Having explained the situation, OP came to Reddit for some fresh opinions.
Redditors weighed in by declaring:
- NTA – Not The A**hole
- YTA – You’re The A**hole
- NAH – No A**holes Here
- ESH – Everyone Sucks Here
Some pointed out how strangely literal OP was being.
“Daughter: ‘Hey, I’m having a pirate-themed party’ “
“OP: ‘I can’t go, I don’t own a boat’ ” ~ SolarSFCA
Others suggested that OP’s support was in name only.
“Never dated in high school and made up crushes to get people off my back”
“My mum tried to be supportive but took years to actually realize that me being asexual meant I wasn’t going to suddenly find a male partner and be attracted to them and make babies.”
“Same with friends.”
“They ‘accepted’ it in theory but never in practice.”
“OP is pretending to be supportive but really isn’t good at hiding her disdain for her daughter not following the Life Script” ~ therewillbecubes
“Also, according to the edit, her daughter ‘claims’ to be asexual.”
“So… Yeah. This mother is not okay with many things in her daughter’s life.“~ bebeschtroumph
Commenters used her own words against her.
” ‘I got a text asking if I’d come to her gender reveal party she was having’.”
” ‘She explained it was just a small get-together with cake and food for her friends she hasn’t seen in a while with the gender reveal being mostly a joke’.”
” ‘(and a way to make fun of real gender reveals)’.”
” ‘I told her if that was the case she should’ve just called it a gathering’ “
“She did, she told you it was a small get-together to see people she hadn’t seen in a while, with the gender reveal being a joke.”
“Your daughter wanted to see you, and you refused because your fee fees got hurt over a silly joke.”
“You don’t have a granddaughter, and if you carry on acting like this you won’t have a daughter for much longer either.”
” ‘Well I didn’t come.
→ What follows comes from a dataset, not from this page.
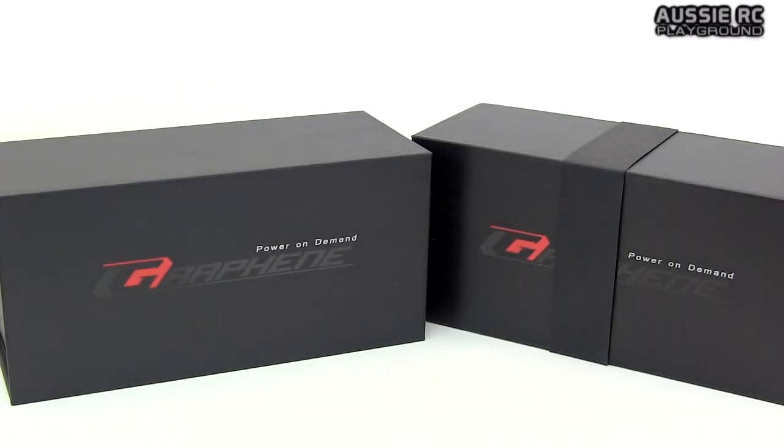Hey guys, Vas here from Aussie RC Playground. Today we're going to be doing an unboxing with a difference. I'm going to be showing you some batteries. I don't normally do unboxings on batteries because the boxes they normally come in are pretty plain Jane, nothing too exciting to show on camera, and I find unboxings of batteries to be about as exciting as going to the dentist.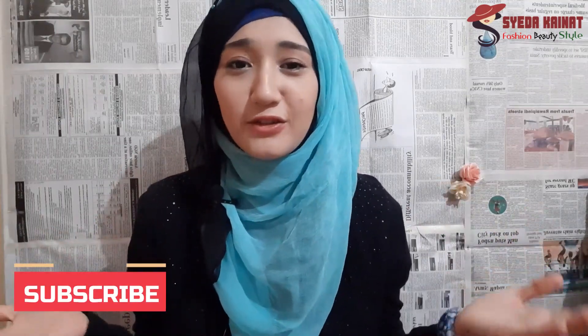Asalaamu alaikum my YouTube family, how are you? I hope you all are fine. Today's video is very important and beneficial for you because in this video I am making an instant glow face mask. This mask will give instant glow, brightness and whitening which we all need and love.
I didn’t see a point. It’s just a lizard and I’m a busy person.’ “
“It wasn’t for the lizard, it was for your daughter.”
“If you’re too busy to do nice things for your family (or apparently even tell them you aren’t coming) then just say that.”
“But don’t hide behind some ridiculous moral stance of it being ‘not a real gender reveal.’ “
“Honestly this whole post just screams ‘I only give a sh*t about my kid if she’s having babies’ and that’s pretty vile.” ~ rhomboidus
OP did return to some clarity on her position.
“EDIT: In the time I was away I got many replies and it was a lot to read through.”
“Let me clear a couple things up.”
“My issue is that she said the party was a gender reveal, if she had called it just a party I would have come.”
“But calling it a gender reveal makes it sound like it’s for the lizard, and I’m not going to that even if it is a ‘joke’.
“I don’t know why it matters but the Skink is a girl which is why I said ‘I’m not coming to a gender reveal unless it’s for a real granddaughter’.”
“Even though I don’t agree with my daughter for being childfree, I have been supportive and only shown mild frustration.”
“The reasons she decided to be childfree is she claims she’s asexual, she just doesn’t want one, she has emotional baggage and feels unable to care for a real child, she fears pregnancy, and she has a carrier gene like me and ‘doesn’t want to go through what I did’.”
“(I had 4 miscarriages and a highly defect child that died after 3 months due to the gene).”
“Yes there has been slight tension between us because I think she just hasn’t found the right man (she never dated growing up) and her other fears are unnecessarily exaggerated.”
“But it’s ultimately her decision and I don’t resent her.”
“We haven’t seen each other in three months.”
“I’m a single mother and we have always been close which is why she invited me with her friends, I just didn’t want to go to a party with a lizard, and if it wasn’t for the lizard she should’ve called it a party instead of a gender reveal.”
Support isn’t about the the words.
” I support you” only goes so far, after all.
Support is about the actions taken.
The life preserver, the ladder.
Yes, even the party.
Be aware of the people really there to support you, and those only echoing words they think are right.